The dollar edged down below ¥104.40 in Tokyo trading Thursday, pressured by sluggish data that raised concerns over the course of the Chinese economy.
At 5 p.m., the dollar stood at ¥104.33-34, compared with ¥104.35-37 at the same time Wednesday. The euro was at $1.3588-3589, up from $1.3544-3544, and at ¥141.77-80, up from ¥141.34-37.
The greenback moved above ¥104.60 in early trading after attracting purchases in New York overnight on the back of a rise in U.S. long-term Treasury yields.
The dollar firmed above ¥104.80 in midmorning trading, helped by demand from Japanese importers as well as by purchases from short-term players following early gains in the Nikkei average.
But the dollar soon fell back after the sluggish reading in the HSBC Chinese manufacturing purchasing managers’ index for January triggered selling of the Australian dollar versus the yen.
The greenback remained weak in the afternoon, reflecting the Nikkei’s slump into negative territory.
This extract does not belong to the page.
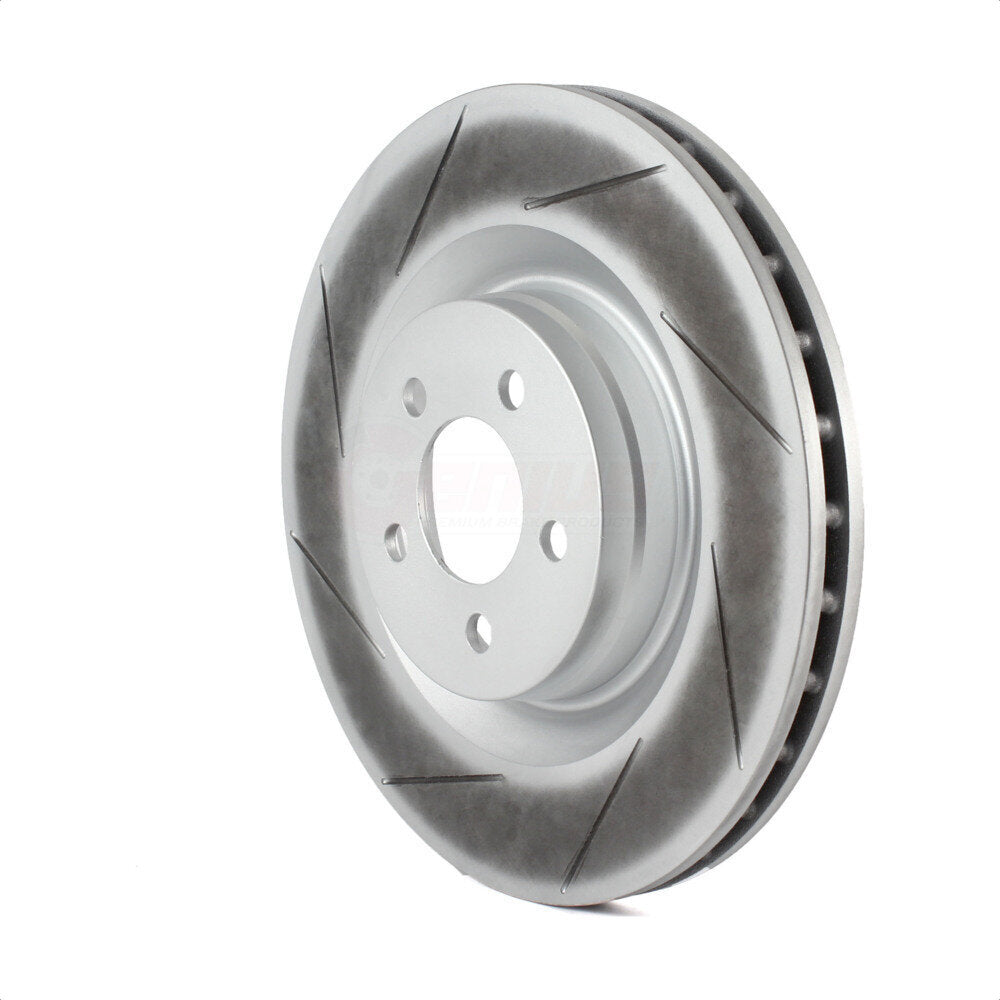 Rotor de frein à disque avant, pour Dodge Charger Chrysler 300 Challenger Magnum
But its downside was supported by buybacks.
“The dollar’s early gains versus the yen were wiped off, with market players hoping to see upcoming overseas economic indicators,” said an official of a bank-affiliated brokerage house.
The dollar is seen as likely to stay in tight ranges below ¥104.50 for the time being, market sources said.
“The dollar’s topside is expected to be limited due to the dearth of fresh trading incentives that would lift it above ¥105,” said an official of a foreign exchange margin trading service firm.